There is also marked disagreement over whether Russia has emerged or is still stuck in the quagmire of the last decade. What makes the discussion more than academic is the danger that Russia, under stress, could revert to some form of totalitarian government and once again constitute a major international threat.

Anders Aslund, a senior associate at the Carnegie Endowment for International Peace, argues that the "decline" of the Russian economy is more a matter of unreliable statistics than of economic fact. In an article in the July / August 2001 issue of Foreign Policy (see also his Building Capitalism: The Transformation of the Former Soviet Bloc, Cambridge University Press, 550 pages, $27), he writes: "According to official statistics, gross domestic product (GDP) plummeted 44 percent from 1989 to 1998. However, this figure is grossly exaggerated because of the peculiar quirks of communist and post-communist statistics." If the Russian economy is roughly on a par with Brazil, Aslund says, that's where it was before the fall.

As for the charges of widespread corruption and bribery that other analysts see at the very core of a disastrous privatization policy, Aslund disingenuously argues that "privatization permanently deprives public servants of public property, so they can no longer charge money for the privilege of using it. Today, the bribery that plagues Russia is not related to privatization but is overwhelmingly connected with law enforcement, tax collection, and state intervention." In other words, you can no longer steal something that has already been stolen.

What Aslund argues away, others see at the heart of the problem. In The Oligarchs: Wealth and Power in the New Russia (Public Affairs, 576 pages, $30), David E. Hoffman, head of the Moscow bureau of The Washington Post between 1995 and 2001, provides a detailed picture of corruption whereby the former Soviet Union's vast, publicly owned economy disappeared into private hands, at a small fraction of its real value.

Focusing on a small group of oligarchs, Hoffman provides convincing detail showing how they corrupted the system to their benefit, by bribing officials to gain control of public assets, and how they managed to ship much of their money overseas.

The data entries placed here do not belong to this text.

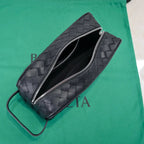 Bottega Veneta 2026 Barrel Bag 26cm Black Leather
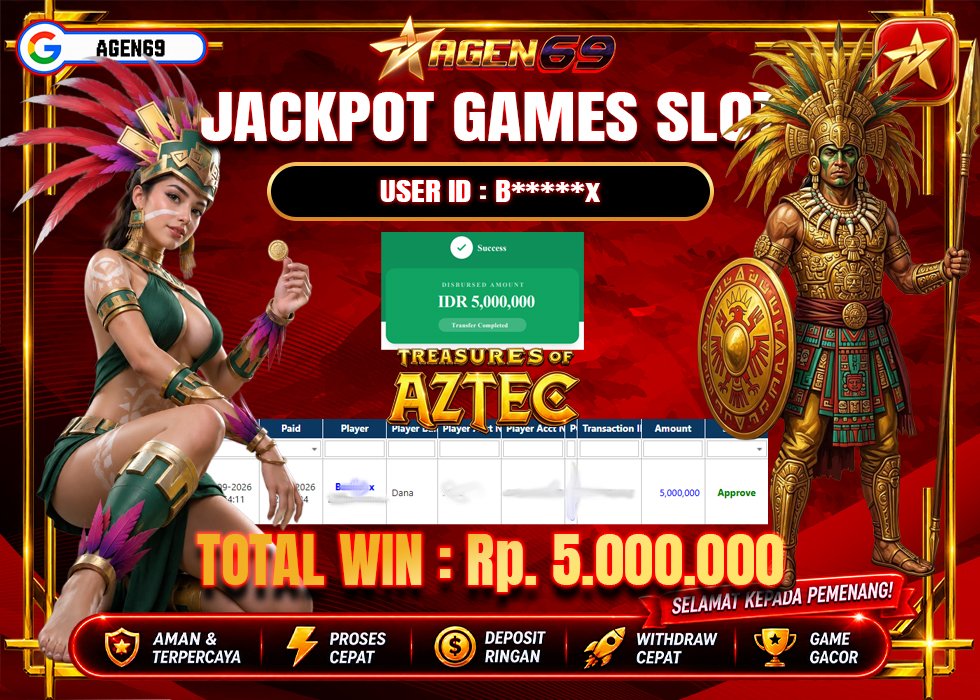 Bukti Jackpot AGEN69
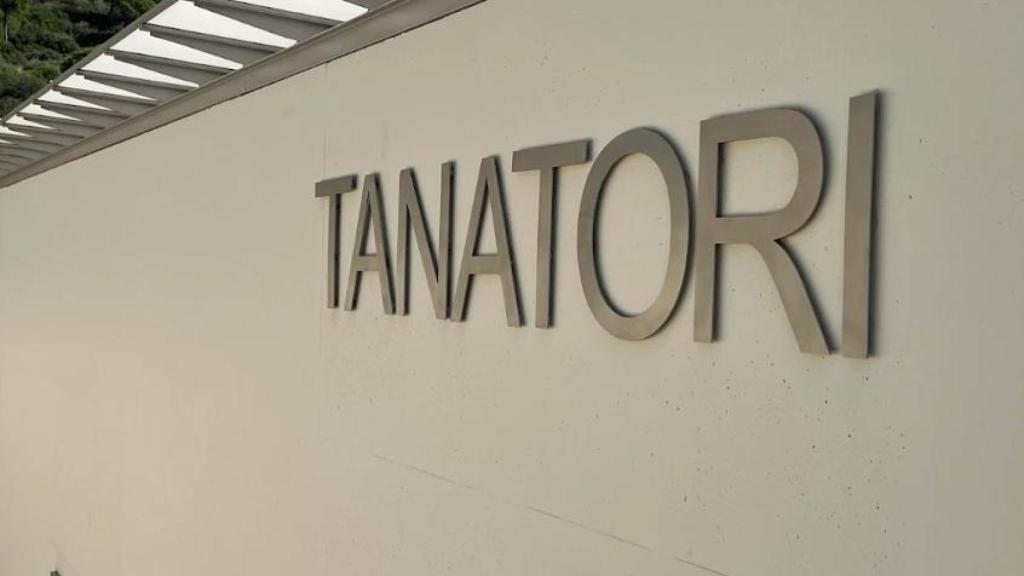 Cartel del Tanatorio de Badalona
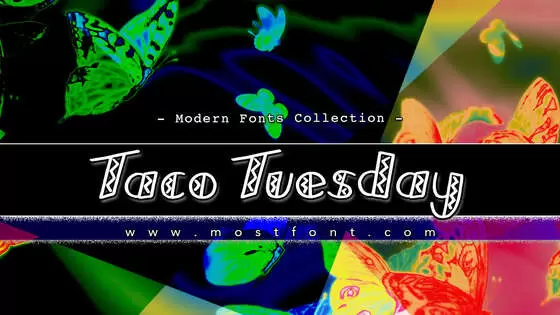 「Taco-Tuesday」字体排版图片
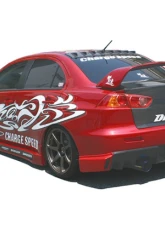 Charge Speed FRP Type-1 Rear Caps Mitsubishi Lancer Evo X 2008-2017                                     - BCML08-CS427RC1 - Image 2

A far racier account is provided by Matthew Brzezinski, a reporter for The Wall Street Journal, in his Casino Moscow: A Tale of Greed and Adventure on Capitalism's Wildest Frontier (Free Press, 317 pages, $25.) Both books emphasize not only the almost-unimaginable venality of oligarchs and public officials, but also suggest that this venality must have had a long incubation period during the Soviet years.

Officious bureaucracies breed corruption. In addition, the long years of centralized planning ill prepared the country for a precipitous conversion to a free-market economy. The U.S.S.R. had banks, but not banks that knew how to loan money and insist on prompt payment. It had manufacturing enterprises, but not ones that knew how to secure the capital and materials to manufacture goods nor operate in a competitive market to meet shifting consumer demands.

Where other countries, like Poland or Hungary, innovated during the post-World War II period in using new economic methods and mixed forms of public and private ownership, the Soviet Union remained tied to a centralized planning system that rigidified to the point of extinction.